▶ **TASK ITEM**: Across the entries below, please work out how many lines contain the string "photo" and give only the number.

--- START ---

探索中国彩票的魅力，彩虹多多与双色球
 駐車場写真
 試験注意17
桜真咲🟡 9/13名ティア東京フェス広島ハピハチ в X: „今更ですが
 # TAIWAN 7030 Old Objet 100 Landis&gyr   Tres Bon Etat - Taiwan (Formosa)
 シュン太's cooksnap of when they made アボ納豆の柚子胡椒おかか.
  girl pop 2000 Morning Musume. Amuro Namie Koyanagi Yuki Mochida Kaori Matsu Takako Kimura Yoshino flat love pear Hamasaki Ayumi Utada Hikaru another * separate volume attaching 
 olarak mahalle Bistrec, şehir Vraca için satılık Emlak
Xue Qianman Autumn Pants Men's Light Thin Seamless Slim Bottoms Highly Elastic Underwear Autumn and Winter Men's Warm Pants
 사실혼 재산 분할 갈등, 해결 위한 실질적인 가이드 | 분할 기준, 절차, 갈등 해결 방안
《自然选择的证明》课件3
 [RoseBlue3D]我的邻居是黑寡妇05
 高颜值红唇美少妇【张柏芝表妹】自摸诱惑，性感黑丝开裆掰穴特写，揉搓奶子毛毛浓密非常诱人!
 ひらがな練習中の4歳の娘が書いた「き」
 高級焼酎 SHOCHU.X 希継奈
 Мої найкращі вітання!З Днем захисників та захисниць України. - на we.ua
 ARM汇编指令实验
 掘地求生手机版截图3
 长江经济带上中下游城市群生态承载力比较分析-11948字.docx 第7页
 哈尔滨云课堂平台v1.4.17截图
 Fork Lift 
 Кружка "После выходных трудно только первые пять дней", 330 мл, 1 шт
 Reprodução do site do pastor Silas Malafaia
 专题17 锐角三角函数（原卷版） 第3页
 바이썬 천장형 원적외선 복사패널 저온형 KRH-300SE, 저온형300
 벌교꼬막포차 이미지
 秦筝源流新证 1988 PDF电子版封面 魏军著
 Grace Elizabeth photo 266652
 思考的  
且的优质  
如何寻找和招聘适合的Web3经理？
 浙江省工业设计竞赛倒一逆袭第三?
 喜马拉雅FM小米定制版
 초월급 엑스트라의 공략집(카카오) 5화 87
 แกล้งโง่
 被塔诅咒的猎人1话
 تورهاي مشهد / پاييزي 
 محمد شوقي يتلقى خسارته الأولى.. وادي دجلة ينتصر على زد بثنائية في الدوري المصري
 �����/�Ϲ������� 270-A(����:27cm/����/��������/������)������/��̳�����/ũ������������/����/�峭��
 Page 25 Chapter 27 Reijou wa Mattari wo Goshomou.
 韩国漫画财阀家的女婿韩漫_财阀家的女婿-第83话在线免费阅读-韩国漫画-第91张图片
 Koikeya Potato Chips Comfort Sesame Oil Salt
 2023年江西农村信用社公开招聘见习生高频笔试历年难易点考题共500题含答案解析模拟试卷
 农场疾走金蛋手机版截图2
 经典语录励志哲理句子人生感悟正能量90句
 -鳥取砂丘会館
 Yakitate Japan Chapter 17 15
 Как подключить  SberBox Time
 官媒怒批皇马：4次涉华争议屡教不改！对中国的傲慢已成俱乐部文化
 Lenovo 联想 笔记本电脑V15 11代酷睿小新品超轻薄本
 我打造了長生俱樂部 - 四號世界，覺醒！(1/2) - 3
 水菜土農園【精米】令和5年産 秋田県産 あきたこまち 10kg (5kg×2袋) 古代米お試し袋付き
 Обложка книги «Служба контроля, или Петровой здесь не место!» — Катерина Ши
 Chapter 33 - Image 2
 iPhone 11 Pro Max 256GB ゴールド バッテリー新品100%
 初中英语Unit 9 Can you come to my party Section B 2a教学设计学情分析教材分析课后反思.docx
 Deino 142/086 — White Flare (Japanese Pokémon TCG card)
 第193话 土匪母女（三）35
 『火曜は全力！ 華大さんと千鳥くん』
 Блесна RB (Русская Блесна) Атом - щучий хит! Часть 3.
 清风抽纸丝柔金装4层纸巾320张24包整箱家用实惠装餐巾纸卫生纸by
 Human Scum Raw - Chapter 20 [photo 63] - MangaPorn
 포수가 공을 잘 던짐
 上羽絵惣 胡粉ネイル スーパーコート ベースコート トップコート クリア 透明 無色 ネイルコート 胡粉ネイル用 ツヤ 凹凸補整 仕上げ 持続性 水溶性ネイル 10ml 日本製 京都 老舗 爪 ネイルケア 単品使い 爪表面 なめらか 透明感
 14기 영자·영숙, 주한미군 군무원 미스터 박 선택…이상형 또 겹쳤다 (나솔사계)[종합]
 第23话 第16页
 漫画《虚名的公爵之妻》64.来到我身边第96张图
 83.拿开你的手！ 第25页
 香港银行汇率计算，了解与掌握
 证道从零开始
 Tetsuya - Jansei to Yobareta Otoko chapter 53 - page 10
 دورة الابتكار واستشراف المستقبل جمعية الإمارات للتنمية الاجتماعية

--- END ---

▶ **FINAL ANSWER**: 2